The study — by Julien Lafortune and Jesse Rothstein of Berkeley, and Diane Whitmore Schanzenbach of Northwestern — uses national testing data to see what happens after a state alters its school finance system, either by the legislature or court order, to ensure adequate resources are directed to low-income districts. Specifically they examine reforms in 27 states since 1990, and conclude that student achievement increased as a result. The effects weren’t huge, but they were statistically significant, educationally meaningful, and likely cost effective, according to the authors’ calculations.

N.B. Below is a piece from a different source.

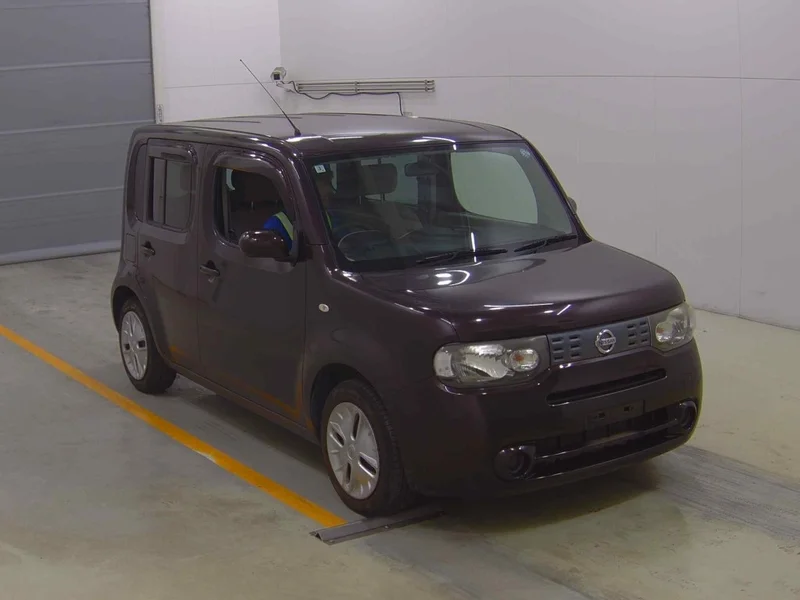 Nissan CUBE — фото 1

There’s a lot in the paper, and it’s worth reading in full. One notable tidbit jump out though: The authors find, somewhat surprisingly, that much of the increase in funding goes towards “non-instructional” purposes, such as building expenses and student support services. Since this did in fact improve achievement, it would seem to contradict conventional wisdom that for spending to be effective it must go directly “into the classroom.” In fact research has never strongly supported this view, and there is good evidence that spending on building quality is worthwhile. The authors note that their paper can’t get at the optimal way to allocate resources.
This study joins recent national research, as well as state-specific studies in Michigan and Ohio, all suggesting that more resources do indeed improve schools. A review of research by Rutgers professor Bruce Baker concludes, “In short, money matters, resources that cost money matter, and a more equitable distribution of school funding can improve outcomes.”
None of this is to say that policymakers shouldn’t worry about spending money wisely — of course they should, and there are certainly instances where resources have been used poorly. For instance, two studies of a pension enhancements in Missouri found that the increased expenditure likely had a limited educationally positive effect. A 2002 study found that salary increases improve teacher quality in non-unionized school districts — but not unionized ones.
So, yes, money seems to matter, and so does how it is spent. Hopefully policymakers will begin to see these claims as complementary, not competing.